Eddy also says it bumps up against first person. Okay, so who’s the first person? And why can’t that person be the one who describes the action? Is it a character who’s not present at some points in the story? Unless you want to tell your story entirely from the point of view of one character—in other words, what readers see is what that character sees and only that, you might want to consider getting rid of every “we” and “I” and writing in the third person.

Here are the first two sentences of Eddy’s novel:

Nobody knew you would save the world.
We go across the street and in toward a liquor store located on Main Street in Wingate, PA.

First, “you” is also a tough pronoun to pull off in fiction. I’m reading the sentence, so it’s as if “you” is addressing me, the reader. Who is “you,” and who is saying it? Why not “Nobody knew he [or she] would save the world”? Again, there’s a reason entire books are rarely written in the second person. Because it’s awkward, and even if it refers to a character within the story, it makes the reader feel as if they’re being directly addressed or implicated in the action in some way. (Always exceptions, though: Bright Lights, Big City arguably pulled it off.)
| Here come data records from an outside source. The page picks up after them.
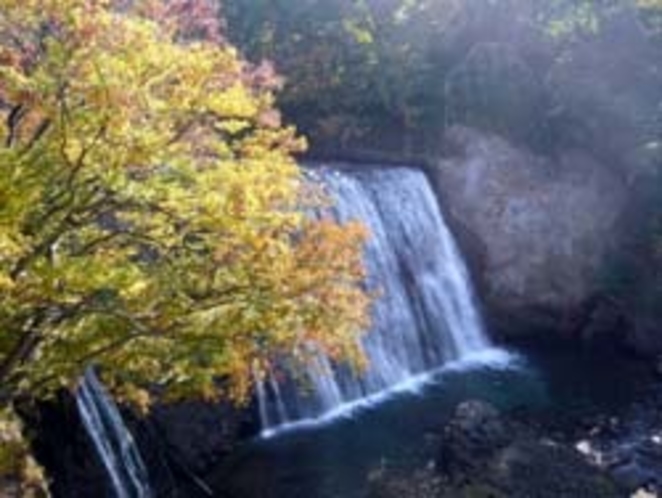 勝沼堰堤　祇園の滝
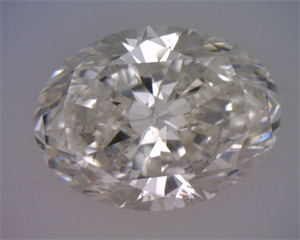 Picture of Natural Diamond 1.70 Carats, Oval with  Cut, I Color, SI2 Clarity and Certified by GIA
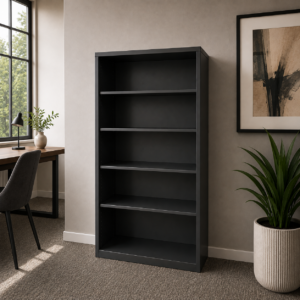 Steelcase Open Bookcase – Custom-Painted Commercial Office Storage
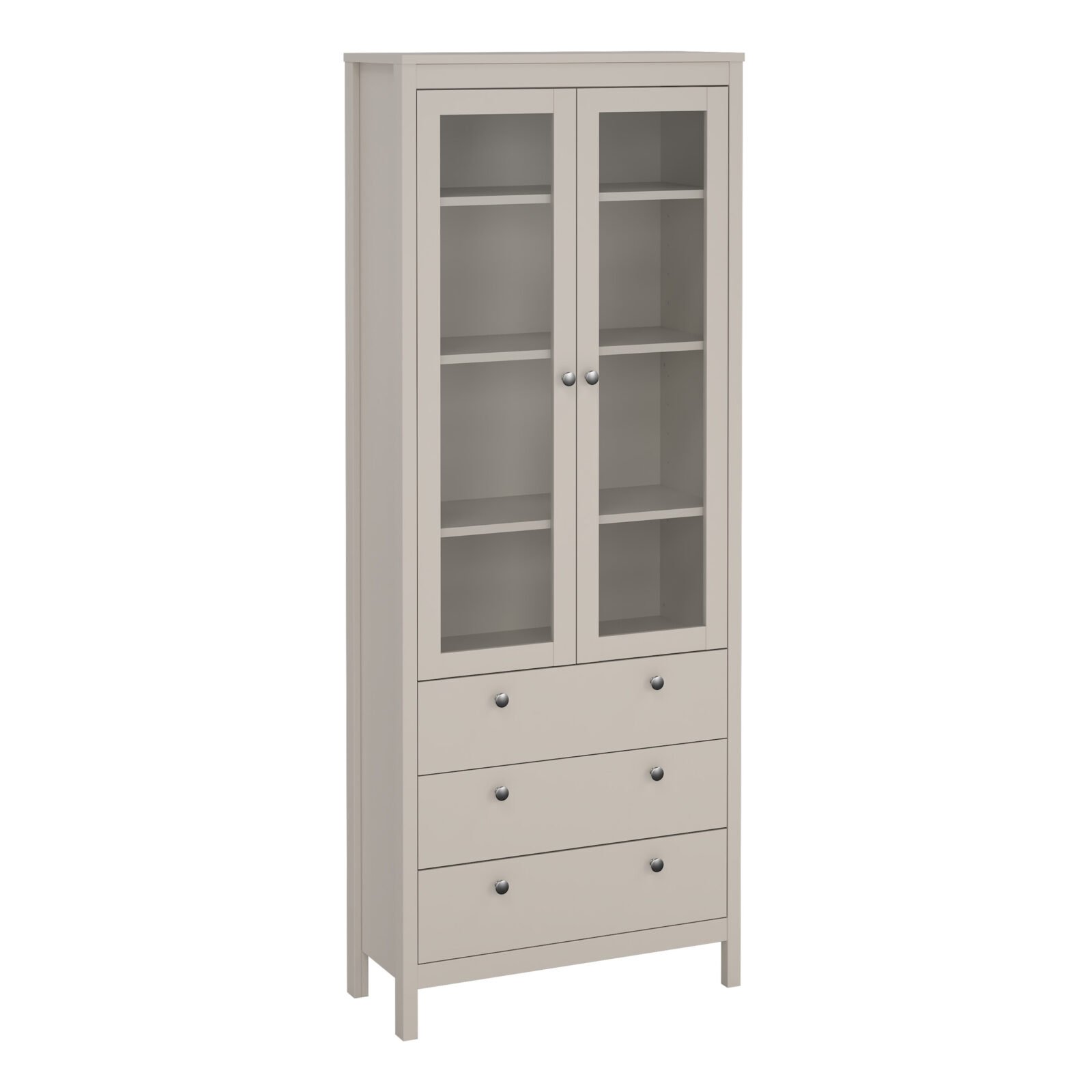 Madrid China Cabinet 2 Glass Doors with 3 Drawers Madrid China Cabinet 2 Glass Doors with 3 Drawers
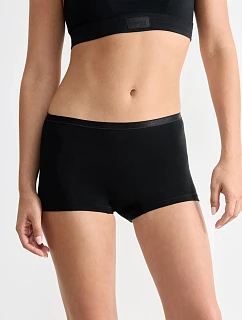 Dámské kalhotky GO Daily Cotton Short - Black - černé 0004 - SLOGGI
Now let’s get to the “we”/description question. Eliminating “we” will actually free you to be more creative in your description, in a way you don’t need to be in a screenplay (again, because in a movie we’re going to actually see everything). You have to paint a more detailed picture for us in a novel, or at least start us on the road to painting our own picture. Instead of writing “We go across a street,” describe the street.

I see how the transition can be awkward—perhaps try to imagine the events and start from scratch, rather than copying the description directly from your script. You need to eliminate not only the “we,” but the action the “we” is performing, which in your screenplay is the action of the camera. That is, in this case, the going across the street.

So if the camera, in your script, is moving across the street and into a liquor store, simply imagine that street and that store, and describe it. If you want a sense of movement, start by describing one side of the street, then describe the street itself, then the store. Think about taking the objects of the camera’s view, which are usually also objects in your sentences (in this case, the store, the street, etc.) and turn one of them into the subject of the sentence, eliminating the need for “we”:

A series of potholes in Main Street led almost directly to the door of an old, run-down liquor store.

Of course, I just made that up, and your vision of the street and the liquor store may be completely different. But you get the point, I hope. Now go to it, and good luck. Thanks for writing, Eddy, and let me know if I can shed any further light on this or any other topic for you.